EXERCISE OBJECTIVE
Everything in the records must be restated exactly, apart from the pictures.

= = = = =

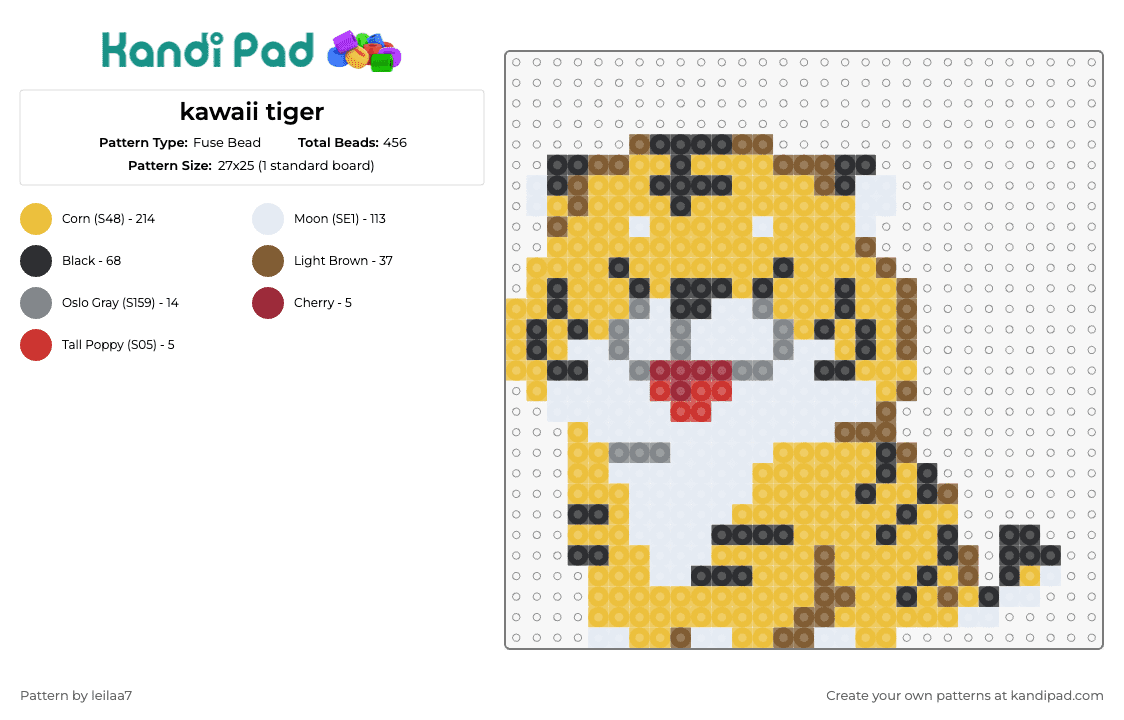 kawaii tiger - Fuse Bead Pattern by leilaa7 on Kandi Pad - tiger,cat,animal,big,tongue,wild,kawaii,cute,jungle,yellow,white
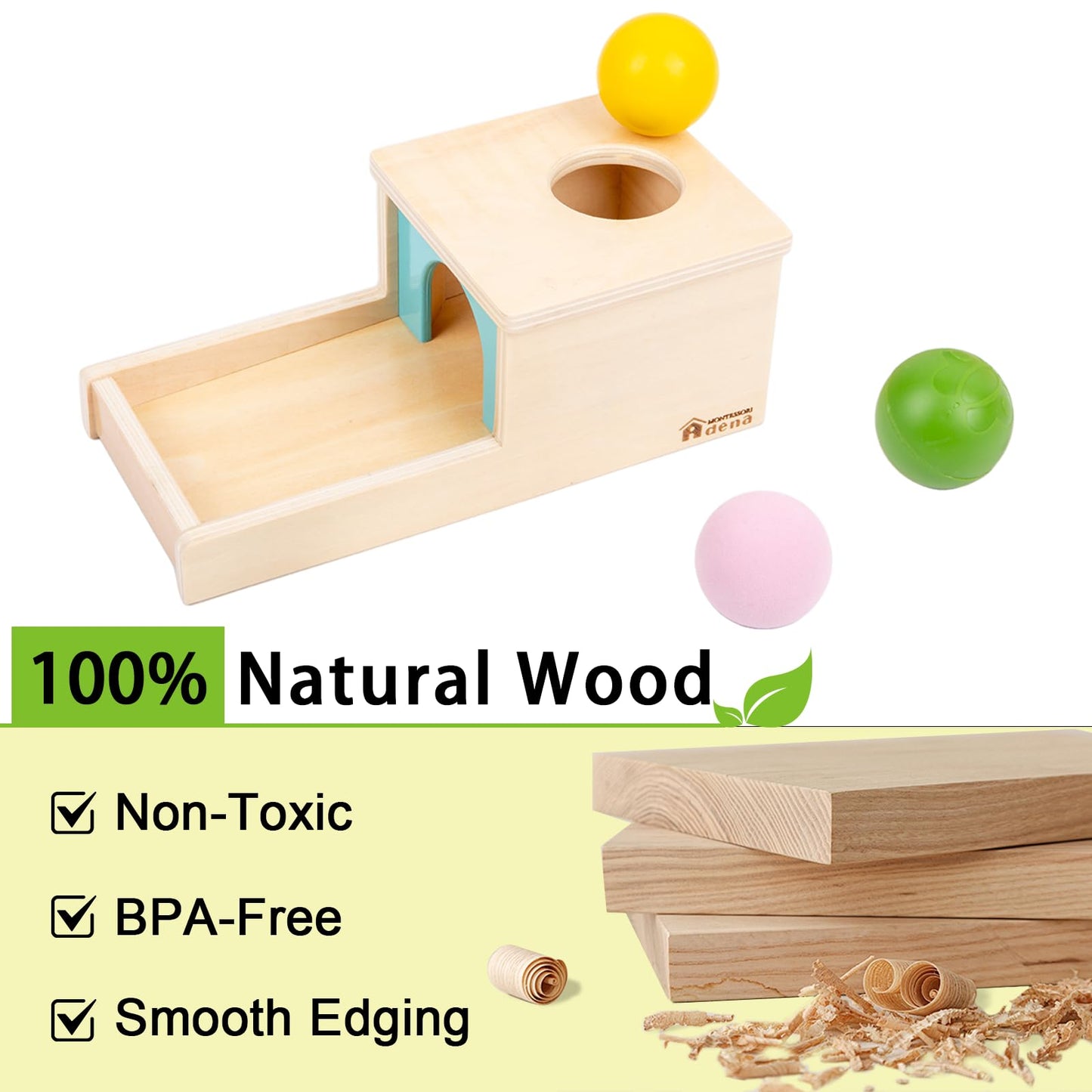 Adena Montessori Object Permanence Box With Tray Three Balls Montessori Toys For 6-12 Months Baby 1 Year Old Infant Toddler (Sma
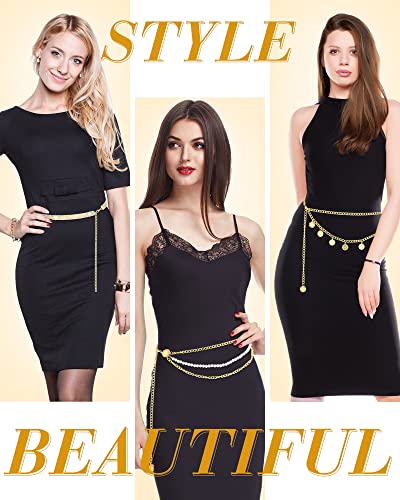 Hicarer 3 Pcs Waist Chain for Body Multi Layer Chain Belts for Women Girls Summer Beach Jewelry Halloween Adjustable - color: Gold, style: Elegant Style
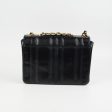 Chanel Vintage Vertical Half Flap Black Shiny Leather on Sale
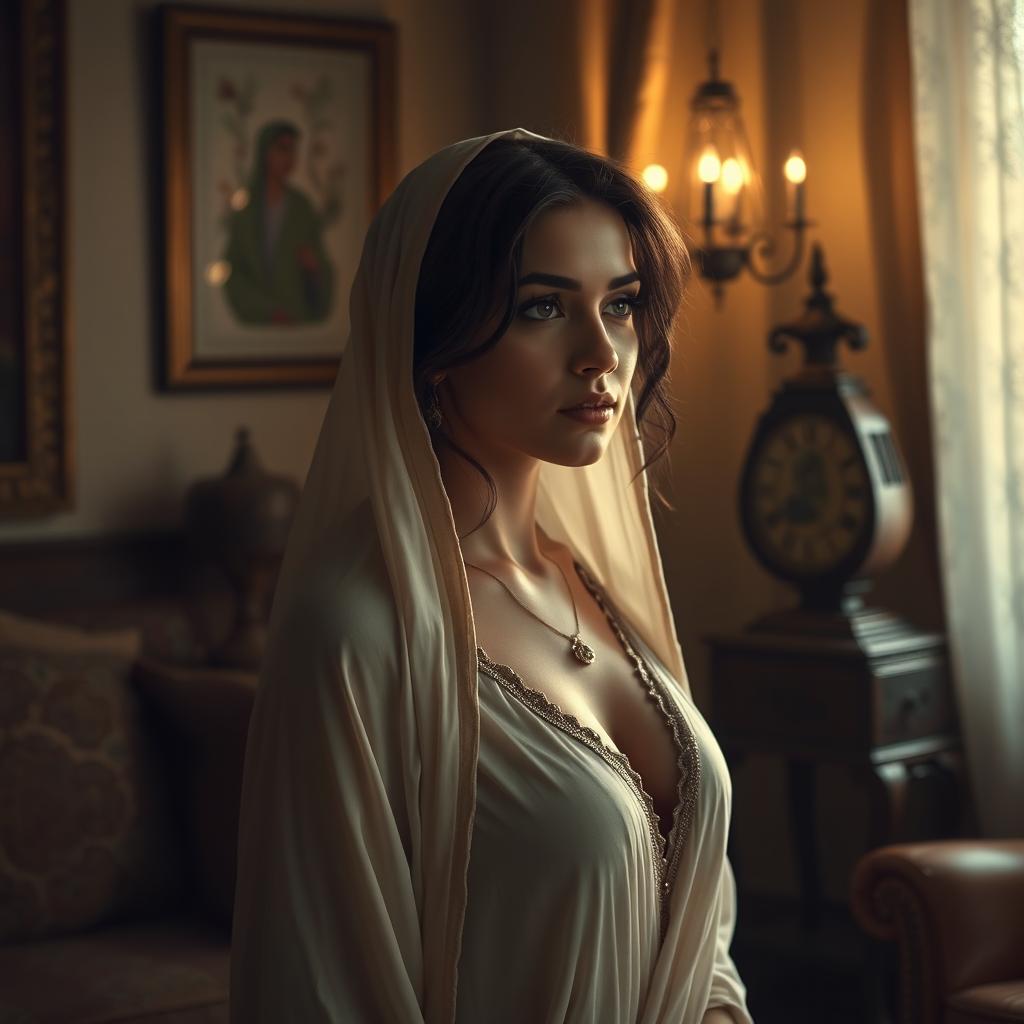 a sensual and tastefully depicted scene of a woman in an elegant abaya exuding a serene and introspective aura, surrounded by the warm, inviting ambiance of a room filled with traditional Middle Eastern decor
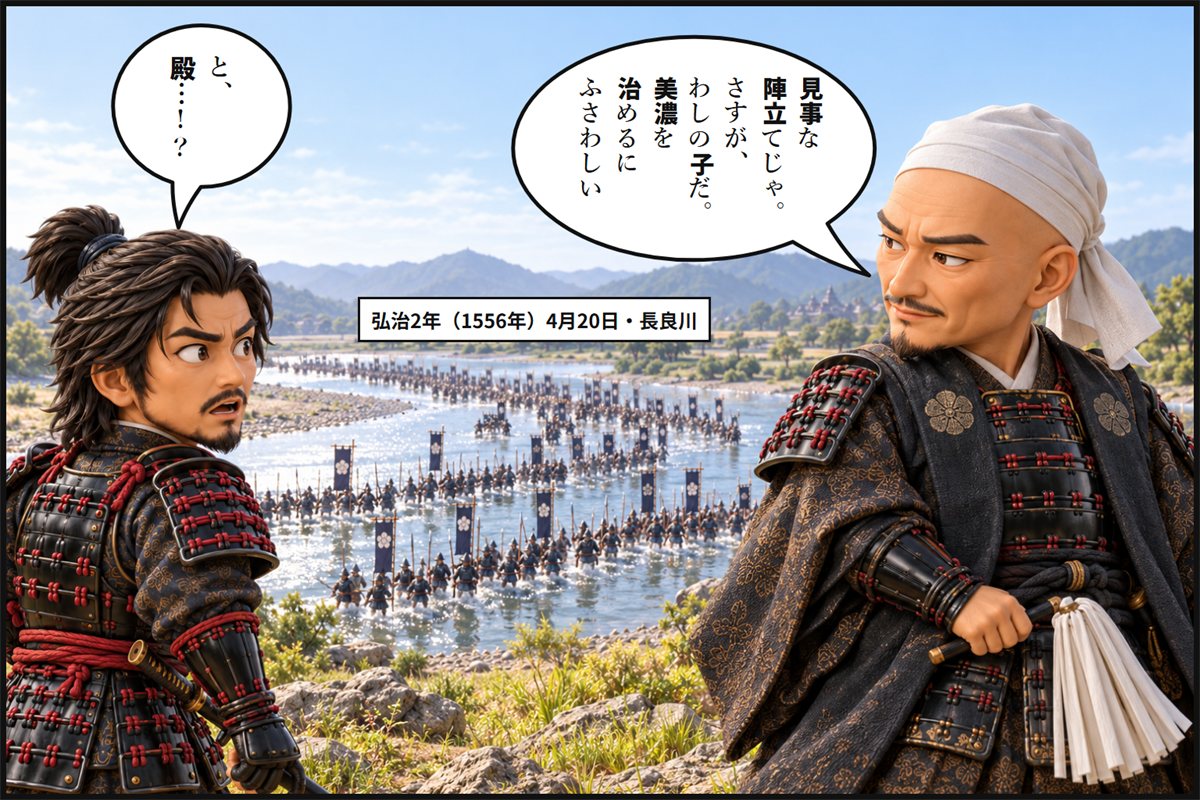 長良川のほとりで、鎧に白い頭巾の斎藤道三が川を渡ってくる義龍の軍をながめて感心し、家臣がおどろく漫画のコマ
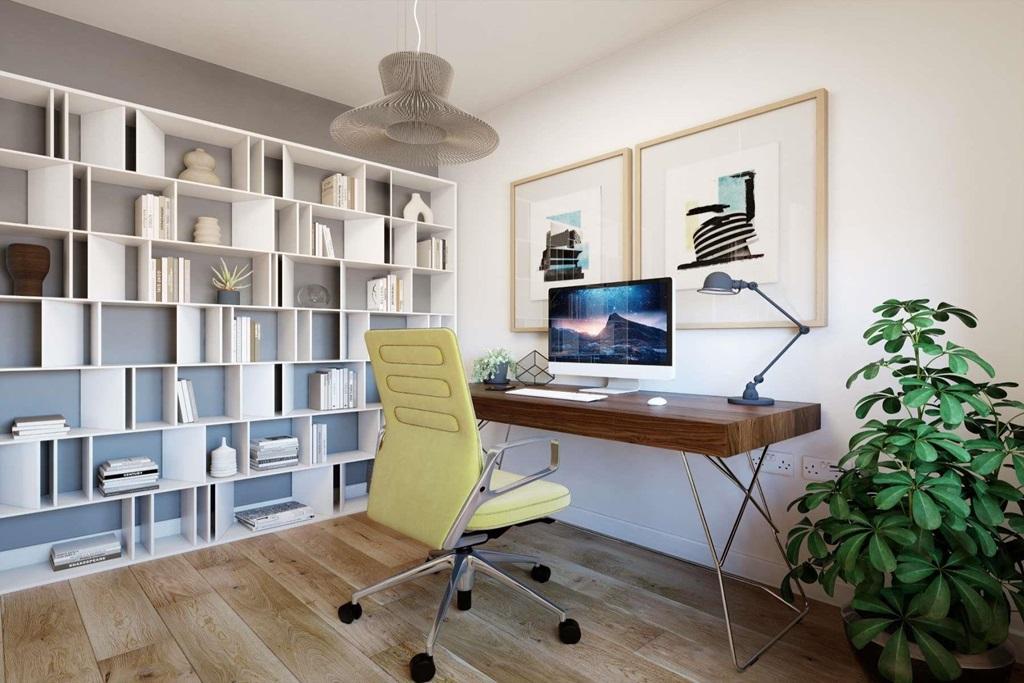 A downstairs study for home working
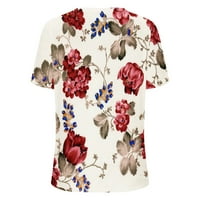 Lovskoo жени флорални печатни върхове v-образни флорални тениски тениски модерни удобни женски блузи върхове червено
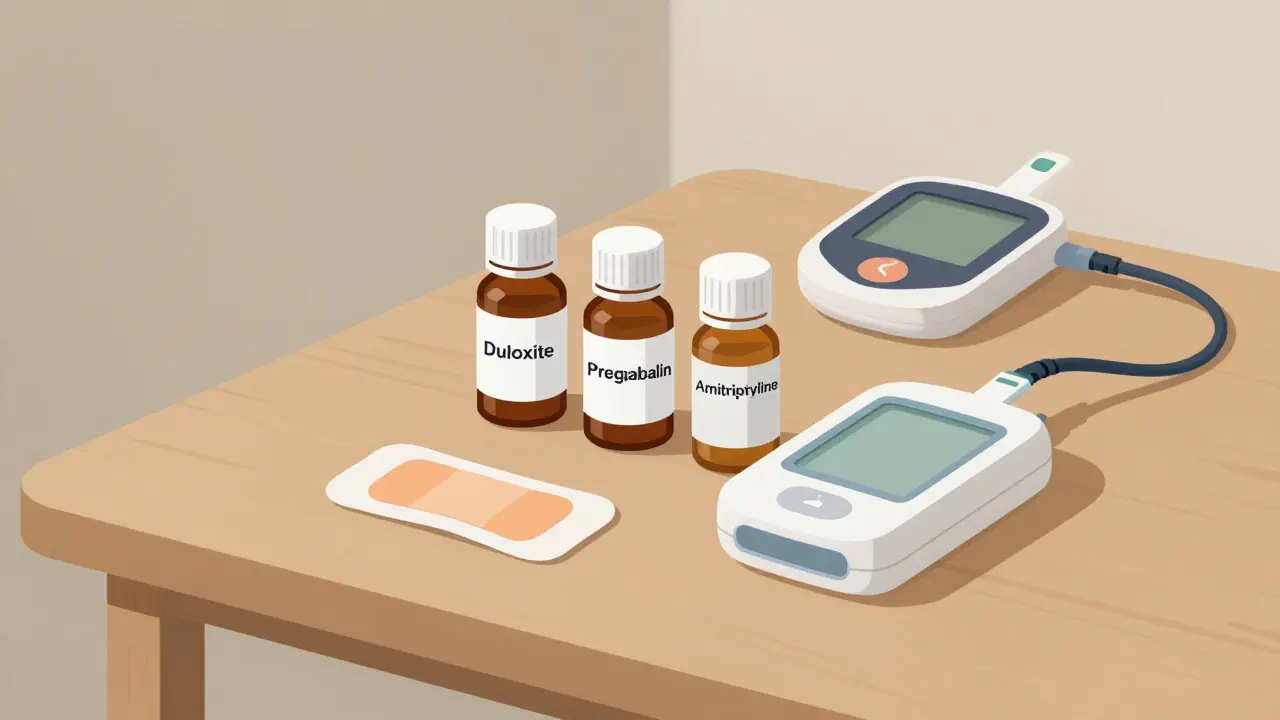 Three diabetes nerve pain medications and a lidocaine patch beside a glucose monitor on a table.
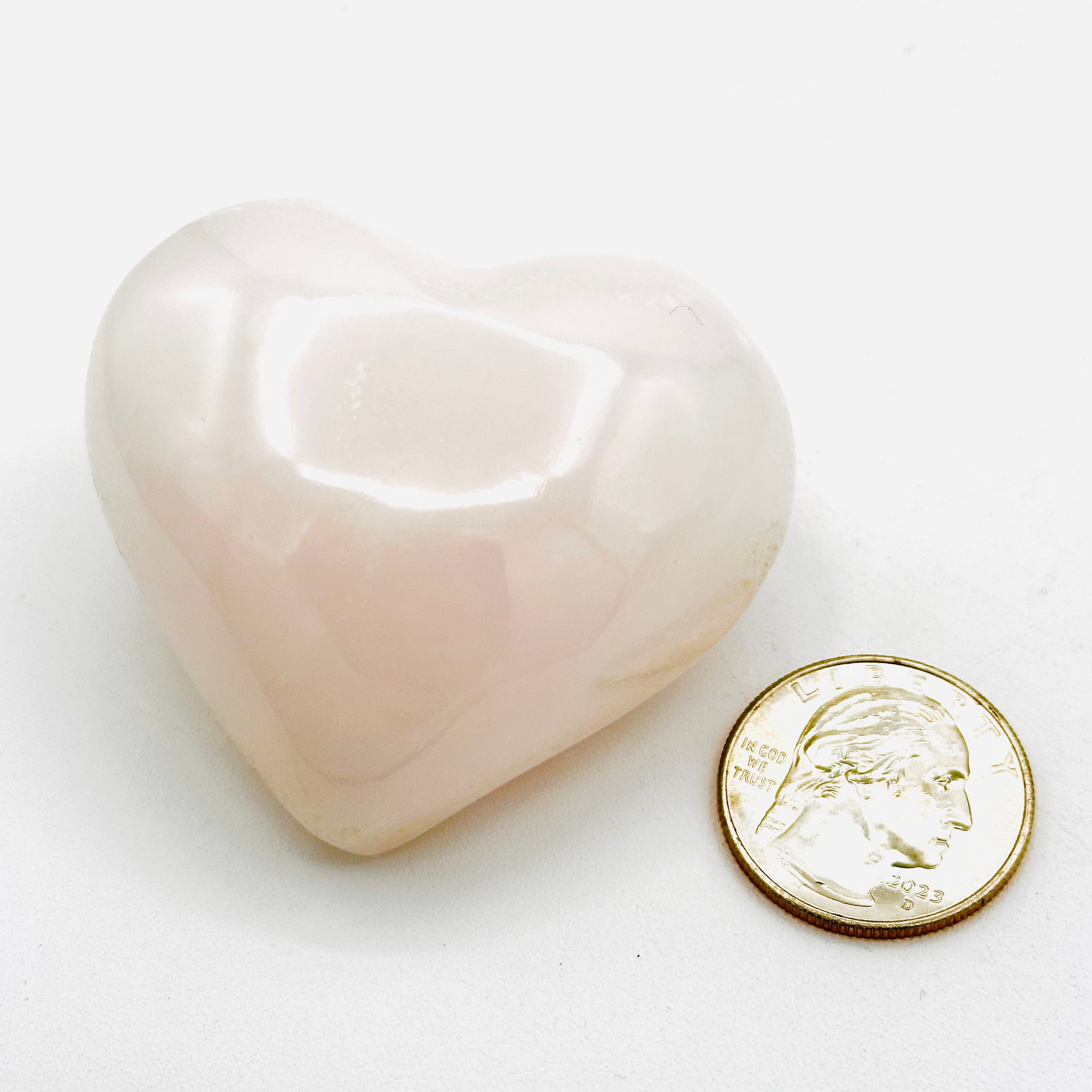 Pink Mangano Calcite Heart Stone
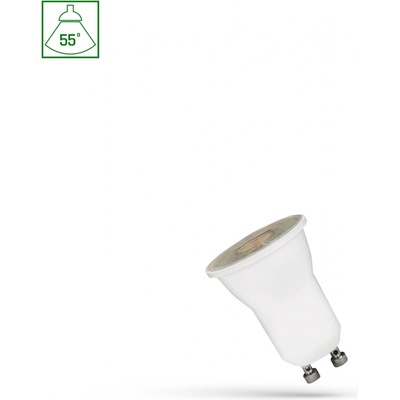 Spectrum LED LED GU11/MR11 GU10 230V 2W SMD 55 DEGREES Teplá bílá WITH LENS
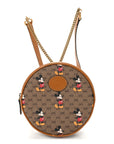 X DISNEY Mini Vintage GG Supreme Monogram Mickey Mouse Round Backpack Beige Vintage Sun Oil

= = = = =

SOLUTION FOR THIS EXERCISE
 kawaii tiger - Fuse Bead Pattern by leilaa7 on Kandi Pad - tiger,cat,animal,big,tongue,wild,kawaii,cute,jungle,yellow,white
 Adena Montessori Object Permanence Box With Tray Three Balls Montessori Toys For 6-12 Months Baby 1 Year Old Infant Toddler (Sma
 Hicarer 3 Pcs Waist Chain for Body Multi Layer Chain Belts for Women Girls Summer Beach Jewelry Halloween Adjustable - color: Gold, style: Elegant Style
 Chanel Vintage Vertical Half Flap Black Shiny Leather on Sale
 a sensual and tastefully depicted scene of a woman in an elegant abaya exuding a serene and introspective aura, surrounded by the warm, inviting ambiance of a room filled with traditional Middle Eastern decor
 長良川のほとりで、鎧に白い頭巾の斎藤道三が川を渡ってくる義龍の軍をながめて感心し、家臣がおどろく漫画のコマ
 A downstairs study for home working
 Lovskoo жени флорални печатни върхове v-образни флорални тениски тениски модерни удобни женски блузи върхове червено
 Three diabetes nerve pain medications and a lidocaine patch beside a glucose monitor on a table.
 Pink Mangano Calcite Heart Stone
 Spectrum LED LED GU11/MR11 GU10 230V 2W SMD 55 DEGREES Teplá bílá WITH LENS
 X DISNEY Mini Vintage GG Supreme Monogram Mickey Mouse Round Backpack Beige Vintage Sun Oil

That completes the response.